Thursday, November 17, 2011

Okay, so, random update! I’m on vacation this week, which has been very nice and restful. Some small (well, variable-sized) voice is telling me that I ought to be actually doing special vacation-things during it, but mostly I haven’t been.

I did go and get a massage at the Club, which was pricey but lovely (all that oxytocin!); tomorrow the plan (slightly tentative, but a plan) is to go down into The Big City, maybe see Steve (who yeah hasn’t updated for awhile), maybe go to Poet’s House, which is for no particular reason my current NYC Heart’s Desire (having finally accomplished my original one the other year, and my second one more recently (did I really not write about that anywhere? seems implausible)), maybe just sort of bop around insouciantly (WordPress thinks that is not a word, more fool it).

I didn’t go today because (A) it is Cold and Grey out, and (B) the city is all busy being occupied, and while I do support the protestors in spirit, I don’t seem to be prepared to either occupy along with them, or route around them, in person (and why not, another variable-volume voice inquires, why not?).

I have made basically zero more progress on the novel, which is somewhat surprising. I figured a week’s vacation (which means nine days all told) would be the obvious time to write an’ write an’ write, but it hasn’t worked out that way. I am not into forcing myself to do stuff while on vacation. :) I’ve tried a few times, but the Story So Far is apparently not something that I see alot of inspiring possibilities in.

(It is funny how Word Mavens and spellcheckers insist that “alot” is not a valid word, and everyone should write “a lot”. I am not quite descriptivist to think that anything where you have to keep telling people that they’re doing it wrong is probably therefore correct (I am a hard-liner on apostrophe-use, for instance), but eventually one does have to cede the field, especially on things that I like to use.)

I seem to be entirely bored with World of Warcraft (and apparently I’m not the only one); it’s amusing to see that in a break with some previous practice WoW is apparently getting playable Pandas in the next expansion. We’ll see if that lures me back; I dunno.

I’m sort of plateaued on Glitch at the moment also; I’ve done a bit of everything, I’ve run around everywhere; there are a bunch of more badges and trophies that I could get but… For now I’ve released my piggies, and I’m just poking my head in now and then.

For unknown reasons I’ve started playing Illyriad, which is one of those sort of multi-player online versions of Civilization, where you build tanneries and upgrade barracks and chop wood and send scouts and armies around and stuff. This is I think me here, but we’ll see how long I remain actually interested.

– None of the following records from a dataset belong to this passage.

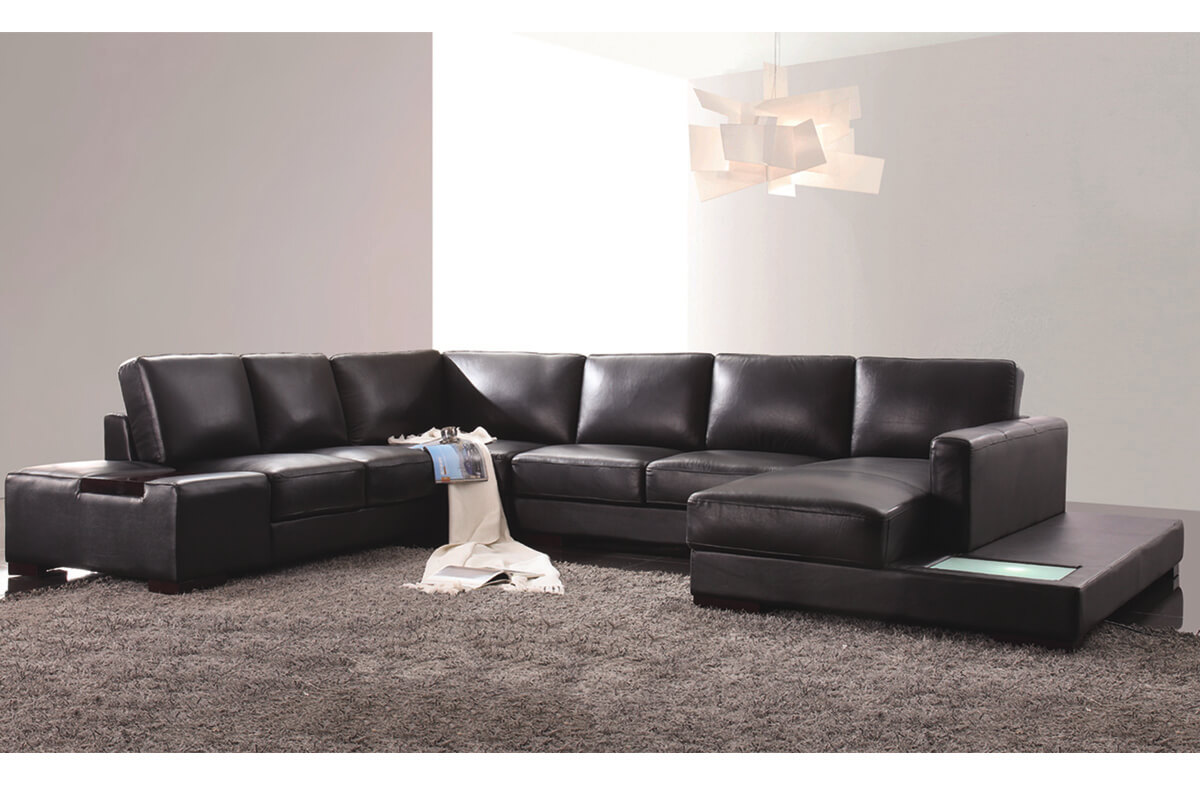 black leather l shaped couch with chaise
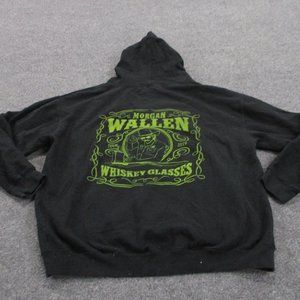 Morgan Wallen Hoodie Sweatshirt Adult XXL Whiskey Glasses Tour Concert Mens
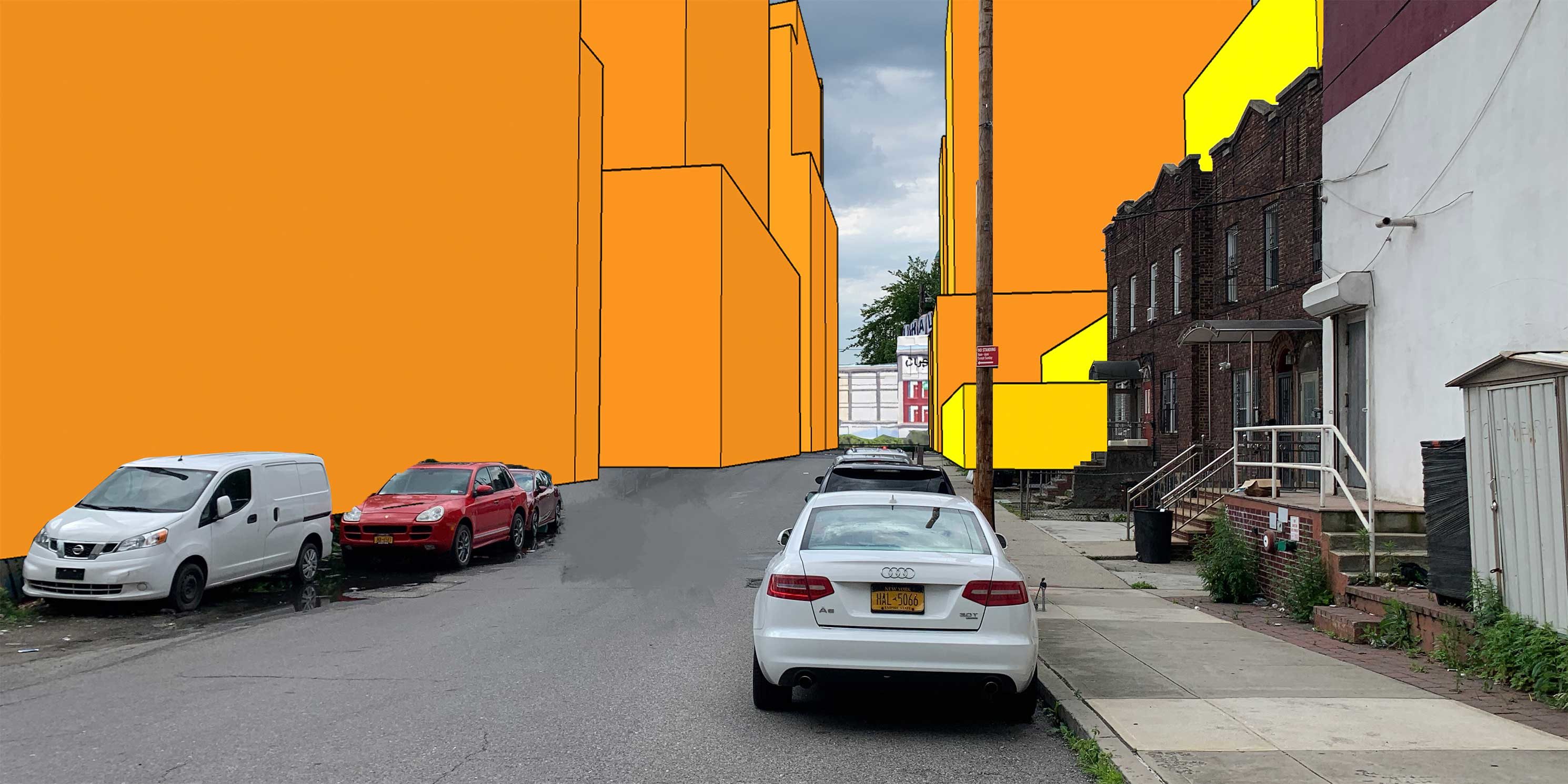 illustration of area near Janet Place in Flushing, Queens with proposed and potential development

Second Life, in contrast, continues to be fresh an’ interesting (the virtues of user-generated content). I’ve been generally hanging out and exploring stuff as usual, and for the first time gotten into some PvE combat, which I’ve never really done in SL before. And in order to figure out how that works I’ve started fiddling with my own combat scripts; maybe I will post the sources to the Wiki once I have it all working (it will be simpler than the full blown open-source RPG system that’s out there now, so maybe easier to learn stuff from). Unless I get distracted. Which I usually do. :)

(Today’s distraction, while I was fiddling with combat scripts, was a friend I hadn’t talked to in ages IMing me at random and eventually mentioning that she’d gotten into SL Golf lately, and of course we ended up going off golfing a bit together, which was fun.)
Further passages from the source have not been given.